"Ça rappelle les heures les plus sombres de l’histoire": Ciotti perquisitionné pour des soupçons de fichage

Les locaux d'Éric Ciotti ont été perquisitionnés mardi à Nice dans le cadre d'une enquête ouverte sur des soupçons de fichage politico-sociologique de personnes, sans leur accord.
Une enquête préliminaire a été ouverte par le parquet de Nice en mai dernier du chef d'"enregistrement ou conservation de données à caractère personnel sensibles sans le consentement des intéressés", a précisé le procureur de la République de Nice, Damien Martinelli.
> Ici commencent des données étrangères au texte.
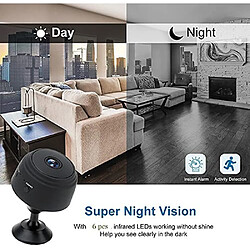 Caméra de sécurité sans fil WiFi Mini petite caméra IP Caméra intelligente Home Night Virsion Caméscope magnétique Surveillance, batterie intégrée, vue en temps réel APP, enregistrement direct sur carte, grand angle de 150 ° pas cher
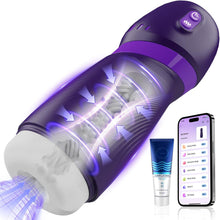 Load image into Gallery viewer, An ultra-realistic vaginal masturbator featuring 9 vibration and suction modes, delivering a 3D tactile sensation.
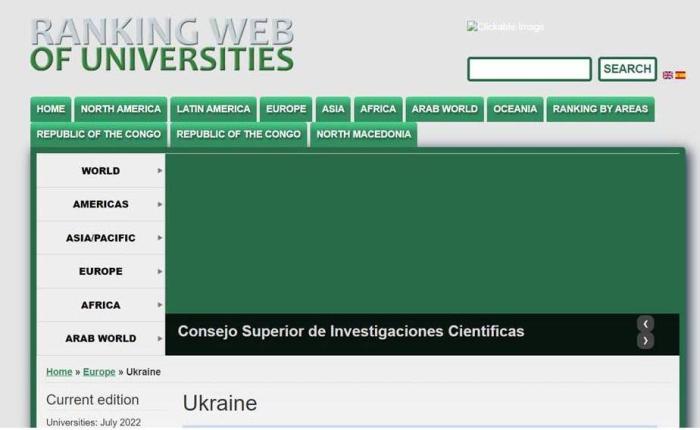 У рейтингу університетів світу «Webometrics» ХНУВС залишається лідером серед ЗВО МВС України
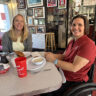 A breaking barriers breakfast with Darley Newman and Dr. Margaret Stran at Rama Jama's in Tuscaloosa, Alabama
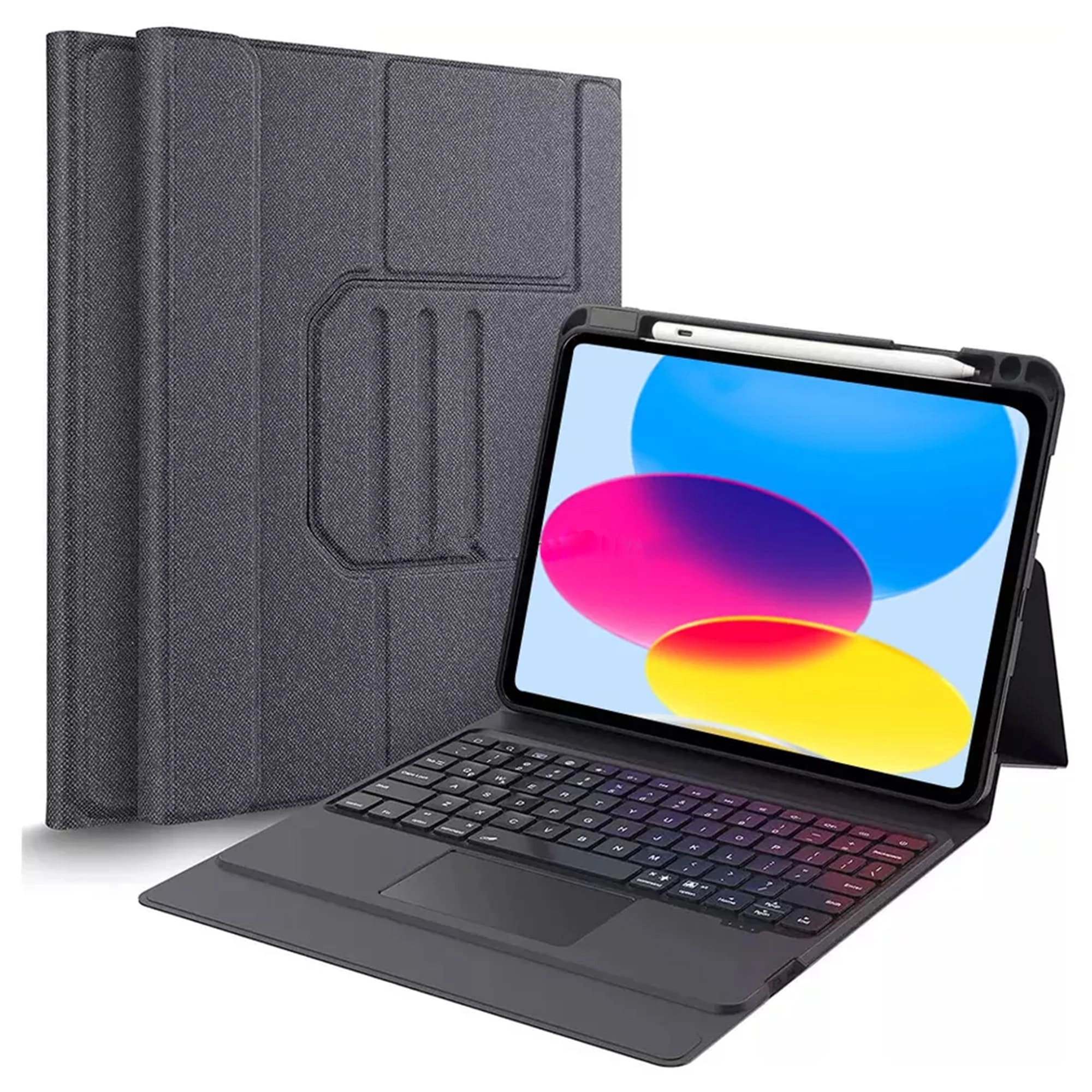 Akzun Trading Keyboard Case with Pencil Holder for iPad 10th Generation 10.9-inch (2022)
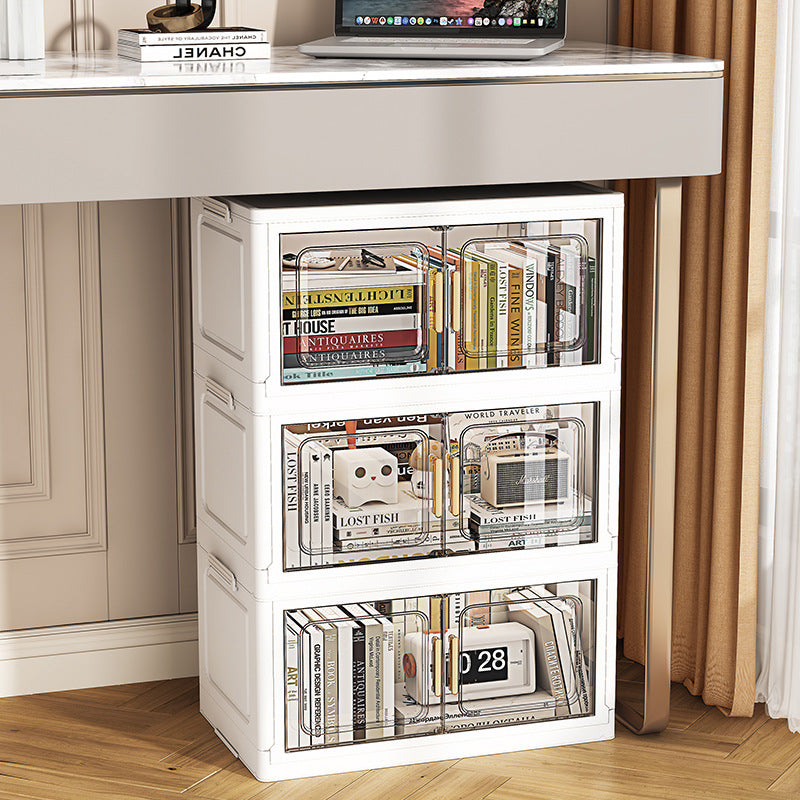 55-70 face wide storage cabinet folding storage box household living room toy cabinet double door snack storage cabinet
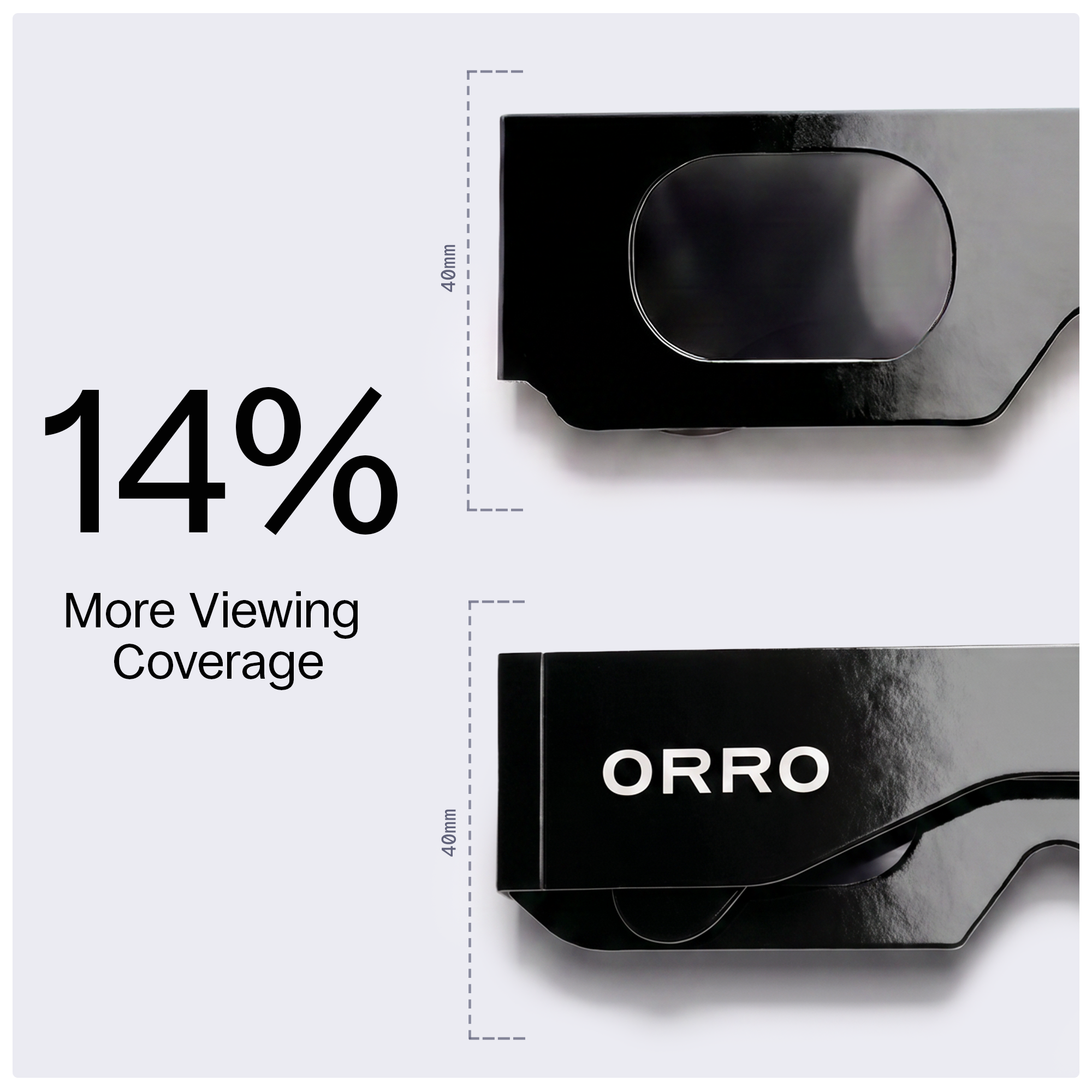 Lunettes modernes pour éclipse solaire de 40 mm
Une plainte a été déposée.
"C'est discriminant"
Selon Libération, dans ces fichiers, Eric Ciotti et son équipe ont répertorié plusieurs centaines de Niçois influents, avec des caractéristiques décrites, telles que sur la confession des intéressés ("confession juive", "confession chrétienne"), des mentions de handicap ("sourd", "non voyant") ou encore de la mention "propriétaire foncier".
Un procédé, illégal s'il est fait sans le consentement de la personne, qu'ils ont justifié en expliquant que c'était "pour identifier des interlocuteurs sur des questions spécifiques".
Sur le plateau des Grandes Gueules, l'avis est presque unanime. Pour Élina Dumont, chroniqueuse et intervenante sociale: “Je trouve ça très choquant et grave, il y a 800 profils en tout, je ne vois même pas l’intérêt, à moins que ce soit des personnes vraiment influentes".
"Du clientélisme"
Bruno Poncet, cheminot, appuie ses propos: "C’est choquant, j'espère que la CNIL (NDLR la Commission nationale de l'informatique et des libertés) va se mettre un peu là dedans, c’est discriminant".
"À quoi ça peut entraîner ce genre de fichage? Est-ce qu’il sert en premier les Corses parce qu’il a peur d’eux, est-ce qu’il ne sert pas les mecs de gauche, les handicapés? C’est du clientélisme, ça commence comme ça, c’est sûrement pas le seul, ce n’est pas nouveau", questionne-t-il aux Grandes Gueules.
Et il prend en exemple son statut de délégué syndical: "quand t’as des élections tu n’as pas besoin de faire ça. Quand tu travaille tu connais déjà tes collègues".
Pour le chroniqueur Emmanuel de Villiers, noter la religion ou l’origine raciale, "c’est complètement anormal". "On ne peut pas formaliser dans une nomenclature l’origine raciale, ou que quelqu’un soit sourd etc", dénonce-t-il.
"Très de droite"
Mickaël, auditeur dans l'Oise, voit ça comme un "scandale", mais qui "n'est pas surprenant".
"C’est très de droite, ça ne doit pas avoir lieu, ça rappelle les heures les plus sombres de l’histoire, c'est du fichage point", pointe du doigt le responsable d’opération ferroviaire.
Selon lui, il faudrait au moins demander le consentement des personnes répertoriées, voire ne pas le faire du tout, qu'"il garde ça dans sa tête pour lui, on ne catégorise pas, on ne l’écrit pas noir sur blanc". Surtout que "ce fichier il tourne, obligatoirement", rajoute-t-il.
"Cest juste le boulot"
L'ancien conseiller politique d'Éric Zemmour, Antoine Diers, tient tout de même à nuancer. Il n'est pas du tout étonné: "C’est juste le boulot d’un cabinet politique, d’un élu, de savoir que tel électeur qu’il a croisé au marché lui a parlé de handicap. Si derrière la ville a une mesure sur le handicap autant lui écrire".
Autre exemple qu'il donne: "Juifs, chrétiens, catholiques, pour que l'élu annonce ses vœux au moment des fêtes, t’as besoin de faire un fichier". Ou encore: "Pour les propriétaires, quand tu vas baisser la taxe foncière, tu vas écrire aux propriétaires de ta ville".
"Je ne suis pas choqué du tout, on le fait tous dans les cabinets locaux et ministériels. C’est devenu interdit, sauf si tu déclares ton fichier auprès de la CNIL", explique Antoine Diers aux Grandes Gueules.
Ironiquement, il raconte que "si tu marques des indications dans les contacts de ton téléphone, tu as déjà un fichier que tu peux déclarer". Et pour rassurer, il assure que ces fichiers de citoyens "ne vont pas être vendus, on ne va pas envoyer des pubs ciblées, ce n’est pas une utilisation commerciale".